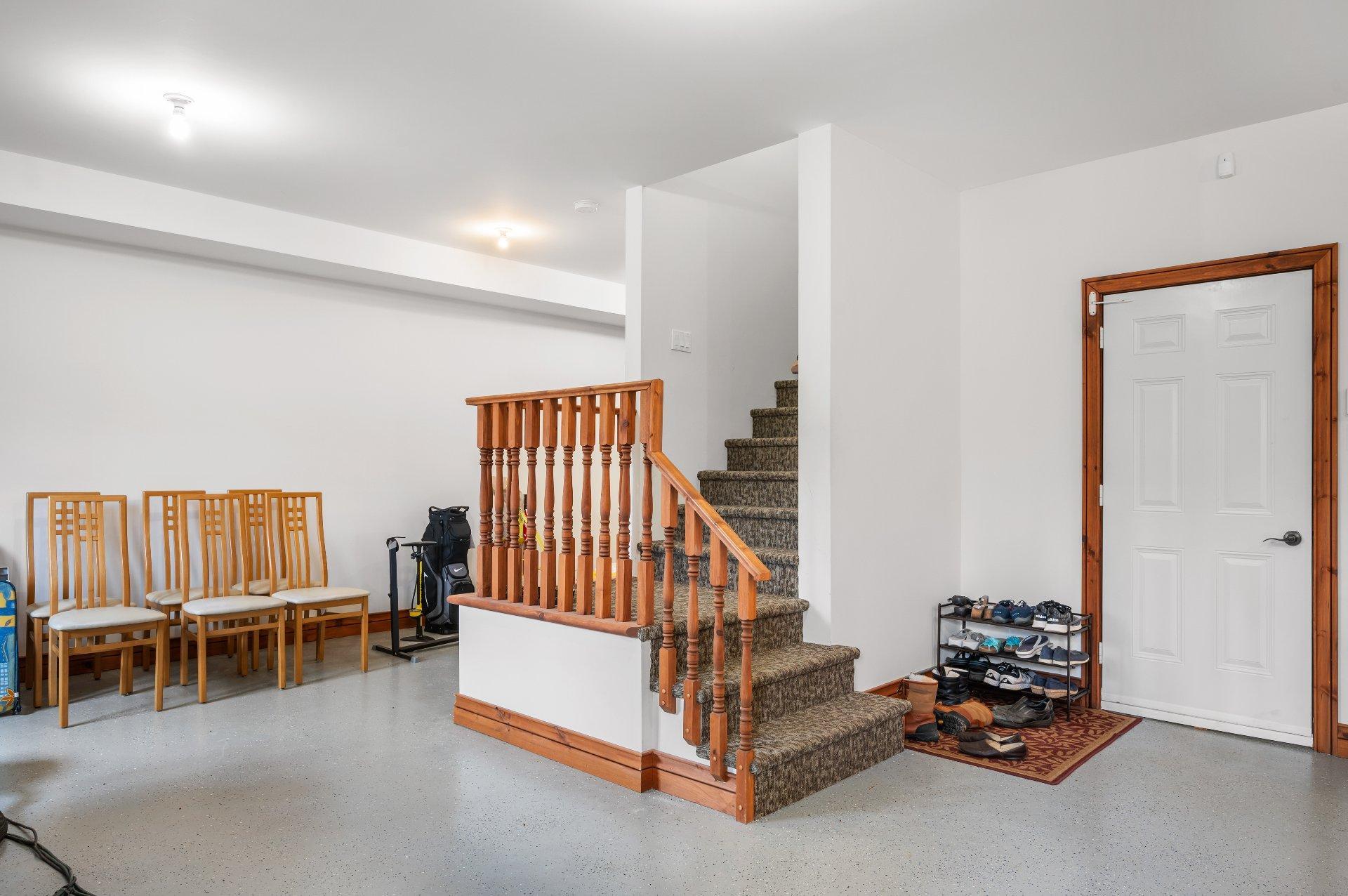 









2530


Ch. du Village

,
Mont-Tremblant,




QC
J8E1E9

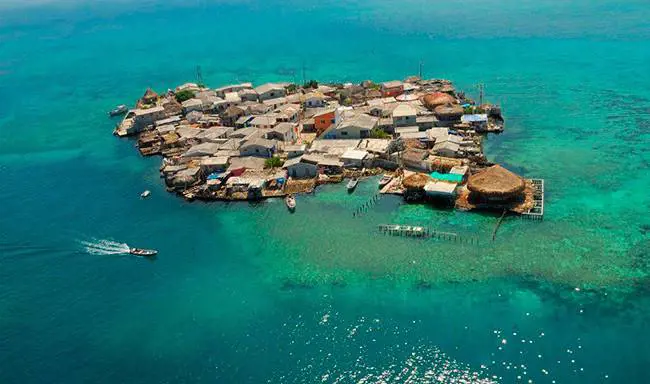 Santa Cruz del Islote, l'isola dei Caraibi più popolata al mondo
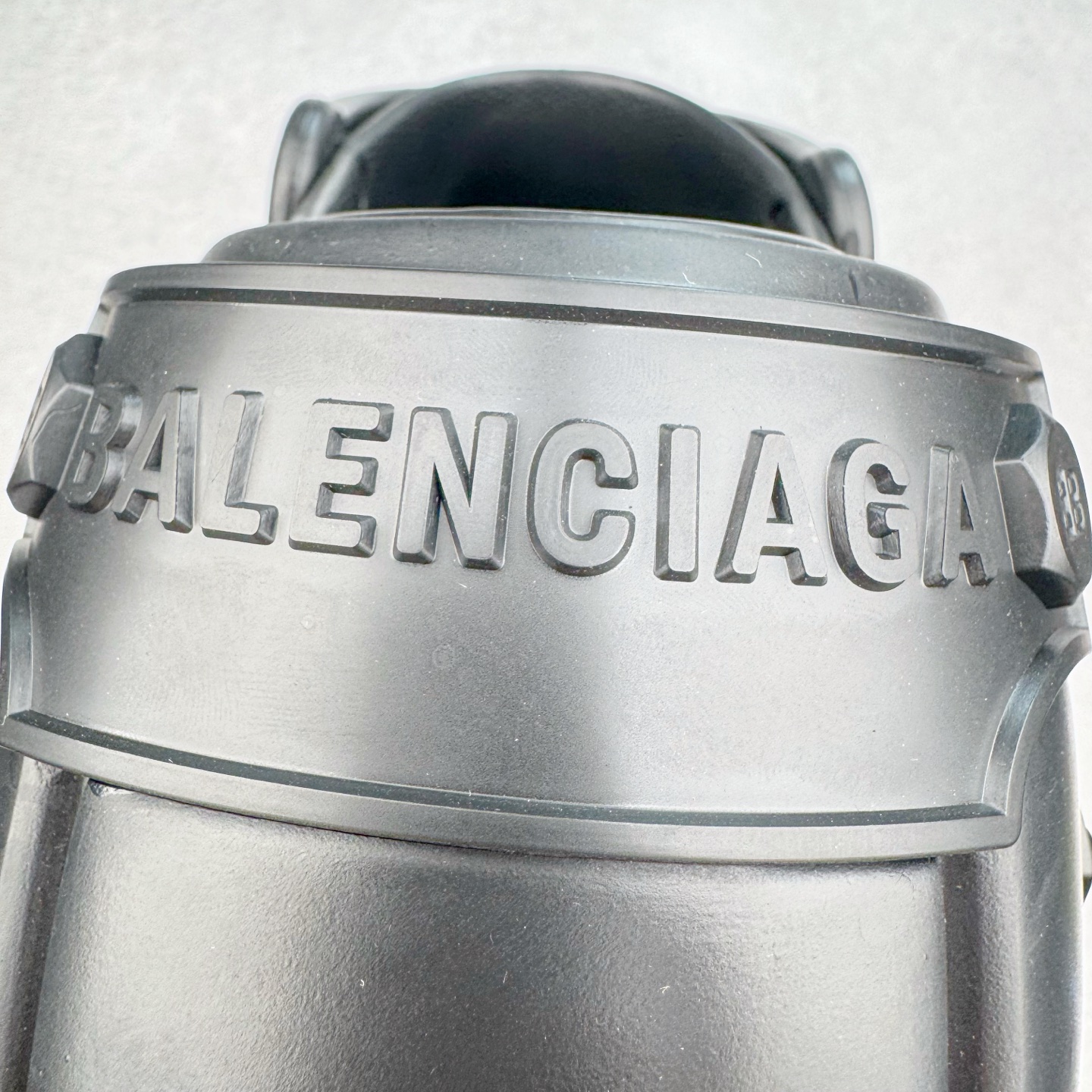 Balenciaga Crocs Sandals L-s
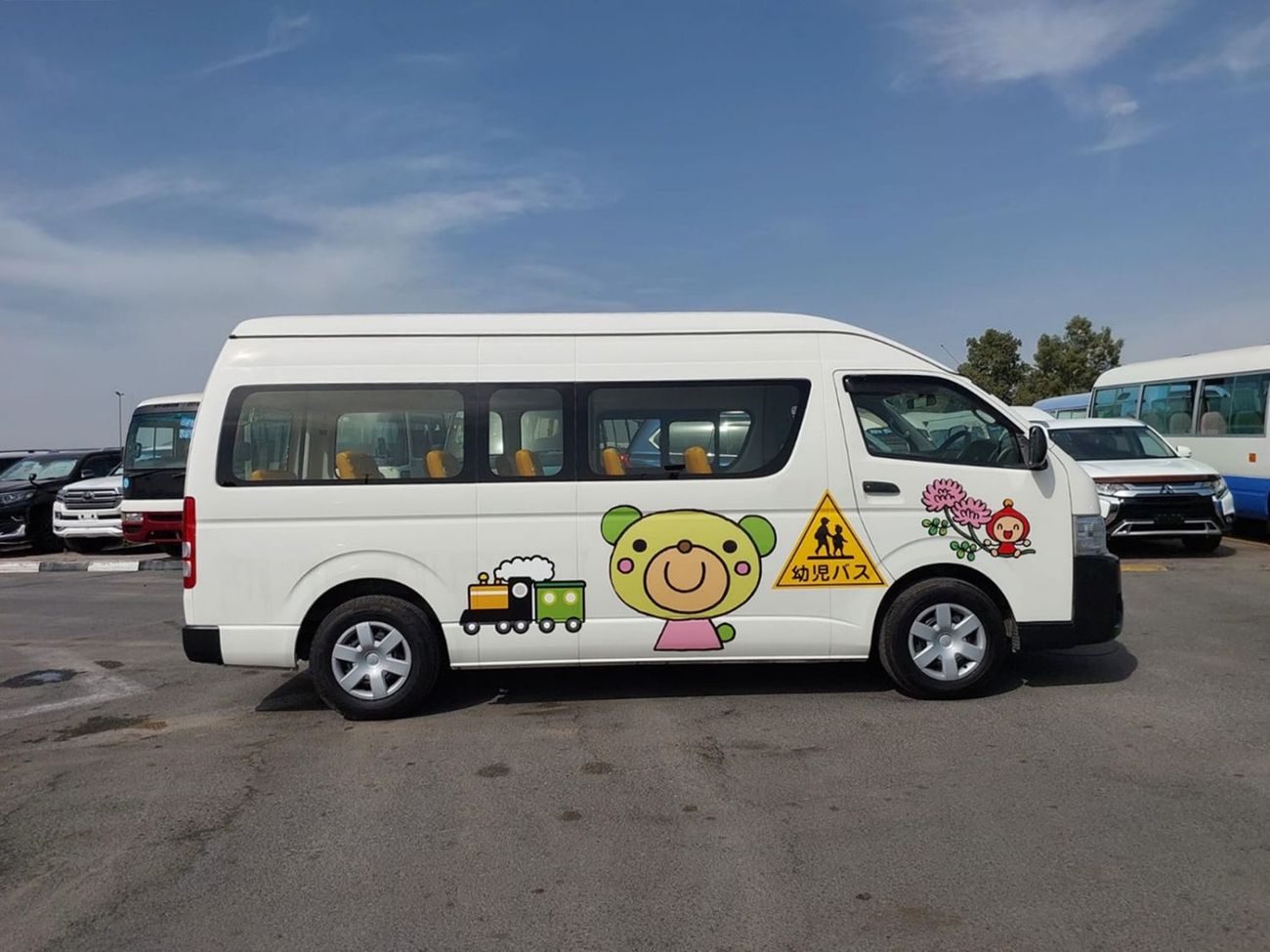 تويوتا هاياس TOYOTA HIACE VAN RHD 2015 MODEL 2.7 L PETROL AUTOMATIC(PM61832)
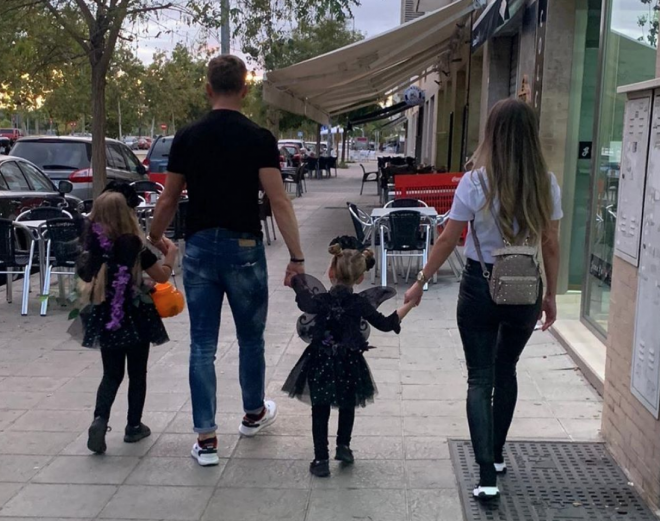 Rakitic pasea con su familia por las calles de Sevilla en Halloween.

● ● ● ●

▸ **Directions**
All that's required is the material above repeated exactly, minus any picture.

▸ **Task result**
2530


Ch. du Village

,
Mont-Tremblant,




QC
J8E1E9

 Santa Cruz del Islote, l'isola dei Caraibi più popolata al mondo
 Balenciaga Crocs Sandals L-s
 تويوتا هاياس TOYOTA HIACE VAN RHD 2015 MODEL 2.7 L PETROL AUTOMATIC(PM61832)
 Rakitic pasea con su familia por las calles de Sevilla en Halloween.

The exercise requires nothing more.